KERDASA, Egypt- Egyptian security forces and militants exchanged fire as police stormed a town near Cairo dominated by Islamist supporters of ousted President Mohamed Morsi on Thursday Sept. 19, arresting dozens in an operation to reimpose state control.
A police general was shot dead and at least nine policemen and soldiers were wounded by a hand grenade in the clashes in Kerdasa, on the capital’s western outskirts.
Dozens of police and army vehicles entered the town at daybreak in the second such raid this week to reassert government control over areas where Islamist sympathies run deep and hostility to the authorities has grown since the army overthrew and imprisoned Morsi on July 3.
There had been little or no sign of the security forces in Kerdasa since 11 police officers were killed in an attack on its main police station on August 14.
The building was hit with rocket-propelled grenades and burned down after police had stormed pro-Morsi protest camps in Cairo that day and killed hundreds of his supporters.
“The security forces will not retreat until Kerdasa is cleansed of all terrorist and criminal nests,” Interior Ministry spokesman Hany Abdel Latif said.
Special forces stormed a villa belonging to a man they said financed the police station attack, a Reuters witness said. The police used armored vehicles to smash down the villa’s gates before breaking in the door. But the man, whom they said was a member of Morsi’s Muslim Brotherhood, was not there.
State news agency MENA said 65 people had been arrested so far. Dozens of weapons, including rocket-propelled grenades, were seized, state TV reported. A police officer said they had arrest warrants for 150 men in Kerdasa for suspected involvement in the attacks on the police station and a church in the area.
Egyptian security forces hold their weapons during clashes with suspected militants, not pictured, in the town of Kerdasa, near Giza Pyramids on Sept. 19, 2013. |
Members of the security forces in body armor and armed with automatic rifles fanned out through the town. Army checkpoints were set up on the roads into Kerdasa. Masked men set fire to tires to try and obstruct the operation as it got under way.
Heavy gunfire was heard in the nearby village of Nahya as police chased a group of men into side streets, TV footage showed. In other footage, two detained men were shown cowering in a van weeping as policemen stood by, and a bearded man with his hands raised was led out of a building by police.
Officers entered buildings and courtyards with rifles raised and pointed them at windows.

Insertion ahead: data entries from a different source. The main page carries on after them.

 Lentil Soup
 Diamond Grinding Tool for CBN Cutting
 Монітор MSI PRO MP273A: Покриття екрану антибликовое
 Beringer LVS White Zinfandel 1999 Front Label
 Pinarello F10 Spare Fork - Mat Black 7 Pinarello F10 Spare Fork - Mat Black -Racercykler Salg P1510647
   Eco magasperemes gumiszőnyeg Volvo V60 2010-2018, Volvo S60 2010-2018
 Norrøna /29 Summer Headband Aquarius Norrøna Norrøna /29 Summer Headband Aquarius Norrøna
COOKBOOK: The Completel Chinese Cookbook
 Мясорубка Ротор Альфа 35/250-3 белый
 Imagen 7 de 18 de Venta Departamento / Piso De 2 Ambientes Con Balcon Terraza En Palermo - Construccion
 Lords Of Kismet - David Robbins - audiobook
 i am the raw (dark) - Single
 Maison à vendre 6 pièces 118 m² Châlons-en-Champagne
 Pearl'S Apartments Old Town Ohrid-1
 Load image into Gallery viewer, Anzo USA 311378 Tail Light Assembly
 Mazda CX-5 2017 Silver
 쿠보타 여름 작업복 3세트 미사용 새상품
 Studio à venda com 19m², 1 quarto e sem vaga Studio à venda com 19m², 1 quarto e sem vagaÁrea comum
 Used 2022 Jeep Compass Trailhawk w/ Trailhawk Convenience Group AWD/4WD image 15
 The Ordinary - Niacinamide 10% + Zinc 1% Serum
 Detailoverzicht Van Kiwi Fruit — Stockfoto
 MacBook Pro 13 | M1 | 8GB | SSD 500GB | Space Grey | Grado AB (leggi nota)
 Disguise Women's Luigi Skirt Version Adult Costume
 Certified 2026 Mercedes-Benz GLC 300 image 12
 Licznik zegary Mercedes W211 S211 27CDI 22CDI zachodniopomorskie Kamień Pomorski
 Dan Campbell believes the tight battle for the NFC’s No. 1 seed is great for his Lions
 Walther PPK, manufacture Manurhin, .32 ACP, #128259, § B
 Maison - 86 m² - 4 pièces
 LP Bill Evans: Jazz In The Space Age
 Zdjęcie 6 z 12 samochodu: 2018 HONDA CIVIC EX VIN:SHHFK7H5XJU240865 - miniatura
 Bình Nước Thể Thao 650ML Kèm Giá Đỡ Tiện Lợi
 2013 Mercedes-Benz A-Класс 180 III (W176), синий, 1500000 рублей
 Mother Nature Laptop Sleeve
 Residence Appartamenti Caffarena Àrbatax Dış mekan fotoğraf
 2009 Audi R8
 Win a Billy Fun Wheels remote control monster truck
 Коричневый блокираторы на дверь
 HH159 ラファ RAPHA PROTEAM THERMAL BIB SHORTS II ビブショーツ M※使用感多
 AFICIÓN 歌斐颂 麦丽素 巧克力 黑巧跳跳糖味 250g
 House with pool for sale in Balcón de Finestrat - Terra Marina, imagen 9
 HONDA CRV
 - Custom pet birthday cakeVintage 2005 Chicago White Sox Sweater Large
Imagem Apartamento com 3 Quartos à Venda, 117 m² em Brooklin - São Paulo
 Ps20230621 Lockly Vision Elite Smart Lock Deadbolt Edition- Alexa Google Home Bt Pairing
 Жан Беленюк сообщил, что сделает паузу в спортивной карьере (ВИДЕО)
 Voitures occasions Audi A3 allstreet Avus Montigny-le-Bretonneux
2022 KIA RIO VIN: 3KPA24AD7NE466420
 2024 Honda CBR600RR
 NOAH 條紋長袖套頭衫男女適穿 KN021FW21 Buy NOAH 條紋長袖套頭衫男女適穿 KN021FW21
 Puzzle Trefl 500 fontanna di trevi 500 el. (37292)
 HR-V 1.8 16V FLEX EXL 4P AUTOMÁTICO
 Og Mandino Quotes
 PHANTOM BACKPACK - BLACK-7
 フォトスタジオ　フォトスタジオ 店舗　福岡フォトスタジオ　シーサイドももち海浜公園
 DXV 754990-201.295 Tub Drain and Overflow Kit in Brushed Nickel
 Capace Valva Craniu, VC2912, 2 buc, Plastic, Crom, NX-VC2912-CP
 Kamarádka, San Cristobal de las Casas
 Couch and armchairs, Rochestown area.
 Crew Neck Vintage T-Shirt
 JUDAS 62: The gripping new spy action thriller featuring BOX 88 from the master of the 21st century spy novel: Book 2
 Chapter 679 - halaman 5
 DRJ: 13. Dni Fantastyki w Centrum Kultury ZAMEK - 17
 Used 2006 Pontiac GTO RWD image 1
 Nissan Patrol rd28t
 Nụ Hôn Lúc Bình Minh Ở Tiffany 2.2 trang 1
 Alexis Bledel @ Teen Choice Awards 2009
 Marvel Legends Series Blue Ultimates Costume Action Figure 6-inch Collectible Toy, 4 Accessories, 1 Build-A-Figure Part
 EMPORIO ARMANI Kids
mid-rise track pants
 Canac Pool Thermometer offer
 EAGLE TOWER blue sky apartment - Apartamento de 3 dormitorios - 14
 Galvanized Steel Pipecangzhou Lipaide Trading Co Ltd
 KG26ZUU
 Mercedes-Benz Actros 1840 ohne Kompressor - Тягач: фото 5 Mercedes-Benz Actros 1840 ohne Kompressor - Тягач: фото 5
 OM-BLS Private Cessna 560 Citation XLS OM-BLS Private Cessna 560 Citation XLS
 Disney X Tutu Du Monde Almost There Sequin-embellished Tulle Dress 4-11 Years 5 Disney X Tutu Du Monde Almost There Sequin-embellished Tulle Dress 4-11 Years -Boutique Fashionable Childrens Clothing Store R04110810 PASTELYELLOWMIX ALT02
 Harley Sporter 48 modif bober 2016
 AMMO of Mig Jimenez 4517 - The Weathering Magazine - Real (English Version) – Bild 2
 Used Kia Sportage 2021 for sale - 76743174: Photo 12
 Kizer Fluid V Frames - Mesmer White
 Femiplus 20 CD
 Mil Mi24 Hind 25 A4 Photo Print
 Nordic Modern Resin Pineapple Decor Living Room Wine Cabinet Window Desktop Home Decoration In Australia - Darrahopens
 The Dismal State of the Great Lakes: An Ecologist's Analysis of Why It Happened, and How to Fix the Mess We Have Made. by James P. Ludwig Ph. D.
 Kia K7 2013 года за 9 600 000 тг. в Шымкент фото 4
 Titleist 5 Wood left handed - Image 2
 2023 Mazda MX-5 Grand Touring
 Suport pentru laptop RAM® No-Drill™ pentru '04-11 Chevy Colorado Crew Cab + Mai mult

A helicopter hovered over Kerdasa’s mostly deserted streets.
Militant attacks have been on the rise since the overthrow of Morsi, Egypt’s first freely elected president.
With at least 2,000 Morsi supporters and many of the Brotherhood’s leaders in jail, the prospects of any kind of political accommodation appear dim.
Analysts say that heightens the prospect of even more violence in a country with a history of Islamist militancy.
A European Union envoy told journalists reconciliation was “absolutely necessary, even if it looks extremely difficult”.
Bernadino Leon, the envoy, was in Cairo to meet government officials and politicians including Amr Darrag, one of the few leading Brotherhood leaders who is neither in jail nor hiding.
State media have labeled the Brotherhood, the group that propelled Morsi to power last year, as an enemy of the state. The Brotherhood says it is committed to peaceful activism, saying the accusations against it aim to justify the clampdown.
The army-backed authorities say they are in a war on terror.
In a similar operation earlier this week, security forces moved into the town of Delga in the southern province of Minya – another area known for Islamist sympathies and a major theatre for an insurrection waged by Islamists in the 1990s.
The army is also mounting an operation in the Sinai Peninsula against al Qaeda-inspired groups. Shootings and bomb attacks have also taken place in the Nile Valley – two members of the armed forces were shot dead in the Nile Delta on Tuesday.
In Cairo on Thursday, explosives experts defused two primitive bombs on the metro underground railway.
Slightly easing a state of emergency imposed after the violence of August 14, the government put back by an hour, to midnight, the start of an overnight curfew. A 7 p.m. curfew remains in place on Fridays, a traditional day of protest.
A pro-Morsi alliance, the National Coalition to Support Legitimacy, called for nationwide protests on Friday Sept. 20.